AVAILABLE DATA>

········

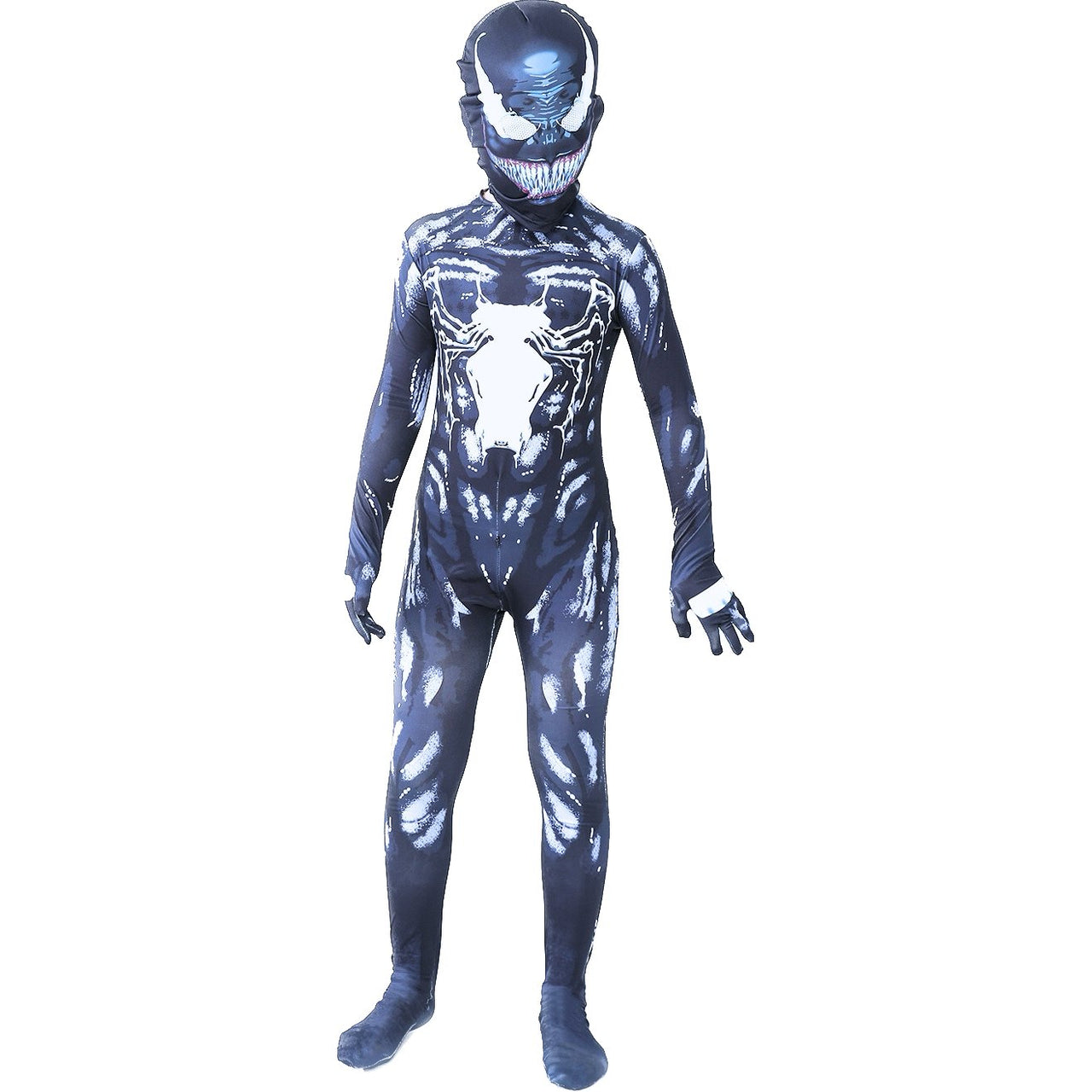Costum Venom pentru Copii, Supererou, EvrikaUnity®, Premium Lycra 3D®, 6 - 7 ani, 140cm, Gri - costumecarnaval - serbare.ro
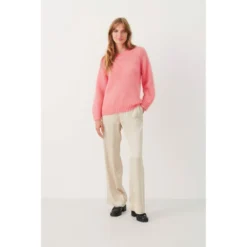 Part Two Round-neck Knitwear Pink - Elegant Dame Strikkegenser -Dame-strikkegensere Salg unnamed file 4827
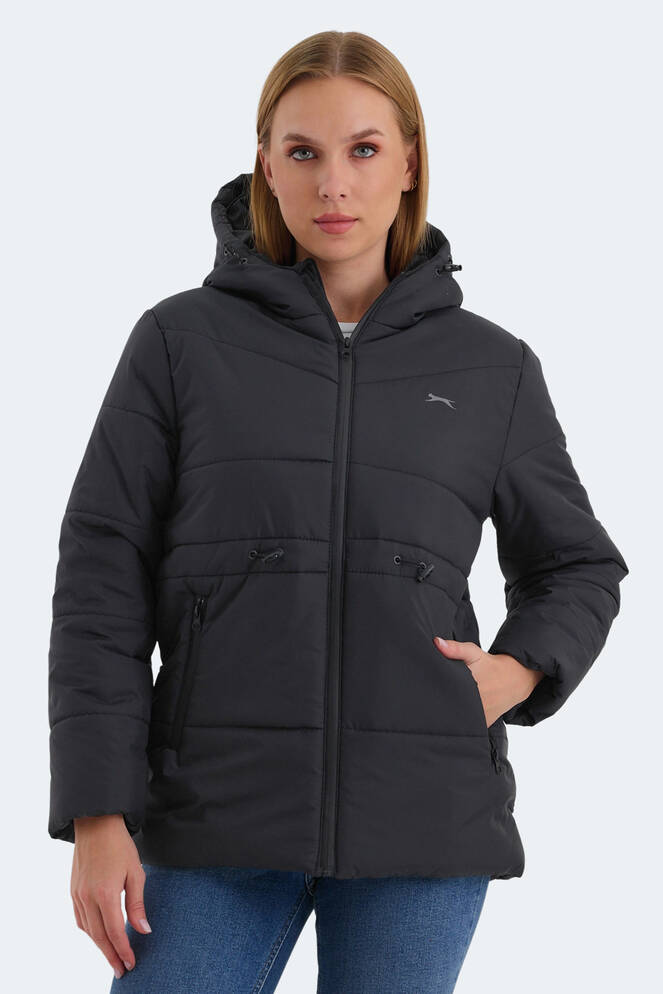 Slazenger CALLU Kadın Kapüşonlu Şişme Siyah Mont & Kaban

········

THE TASK>
Each line of the listing must be restated word for word, and the pictures left out.

EXERCISE OUTPUT>
Costum Venom pentru Copii, Supererou, EvrikaUnity®, Premium Lycra 3D®, 6 - 7 ani, 140cm, Gri - costumecarnaval - serbare.ro
 Part Two Round-neck Knitwear Pink - Elegant Dame Strikkegenser -Dame-strikkegensere Salg unnamed file 4827
 Slazenger CALLU Kadın Kapüşonlu Şişme Siyah Mont & Kaban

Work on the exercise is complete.